[Dataset excerpt — start]

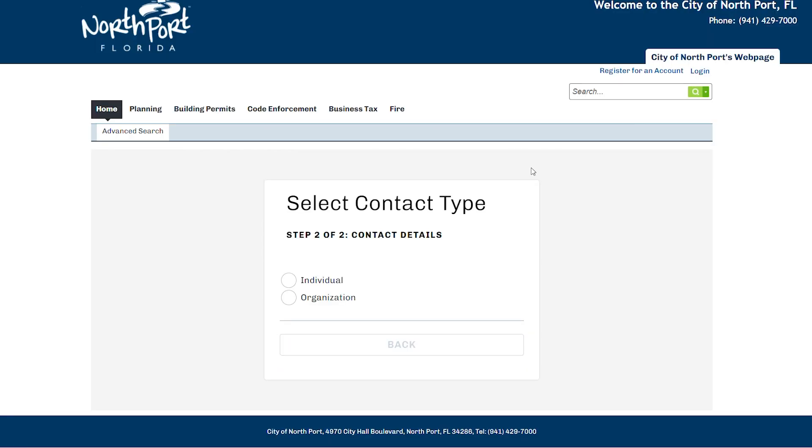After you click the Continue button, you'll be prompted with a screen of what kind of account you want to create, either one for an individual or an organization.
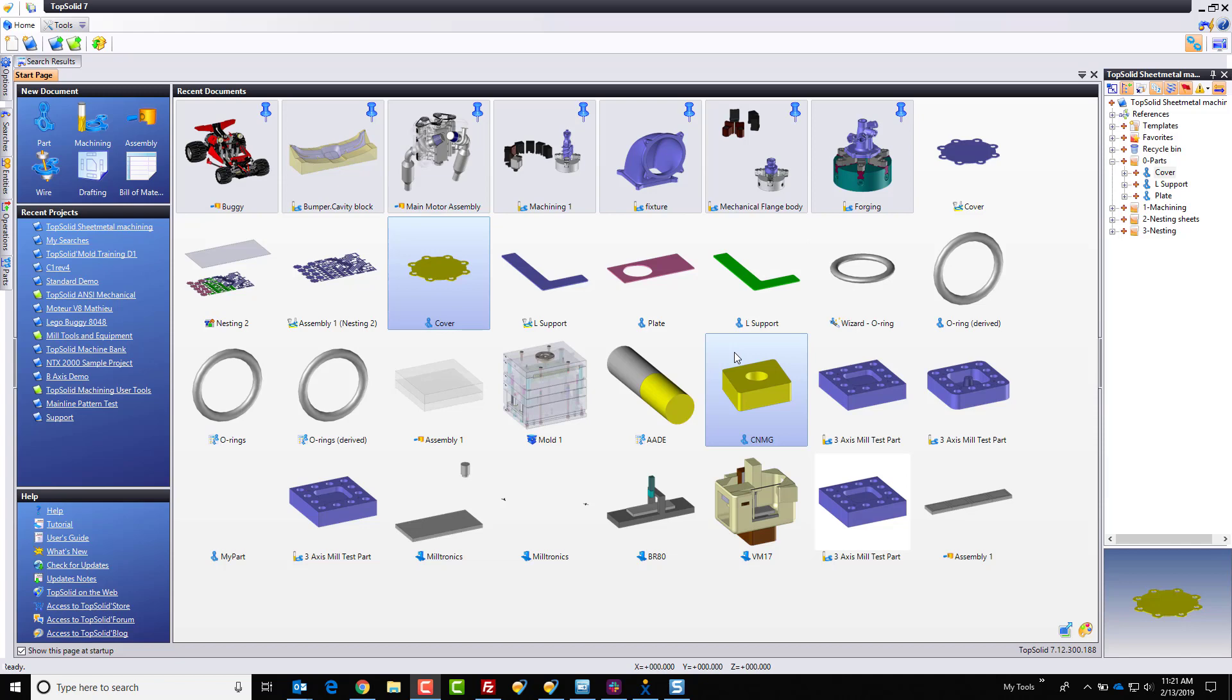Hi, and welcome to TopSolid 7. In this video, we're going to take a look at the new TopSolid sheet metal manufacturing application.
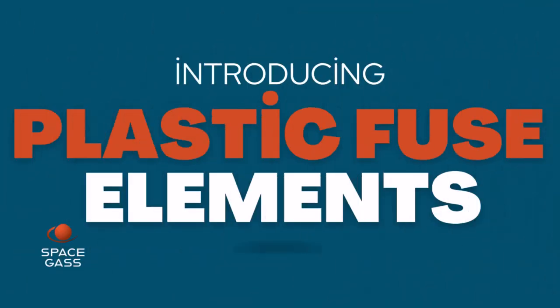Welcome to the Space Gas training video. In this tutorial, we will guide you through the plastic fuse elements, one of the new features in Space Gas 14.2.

[Dataset excerpt — finish]

Quote, exactly and only, the lines from the first line of the data above through the line containing "Hi, and welcome". The pictures do not belong in it.

▶ _Finished exercise_
After you click the Continue button, you'll be prompted with a screen of what kind of account you want to create, either one for an individual or an organization.
Hi, and welcome to TopSolid 7. In this video, we're going to take a look at the new TopSolid sheet metal manufacturing application.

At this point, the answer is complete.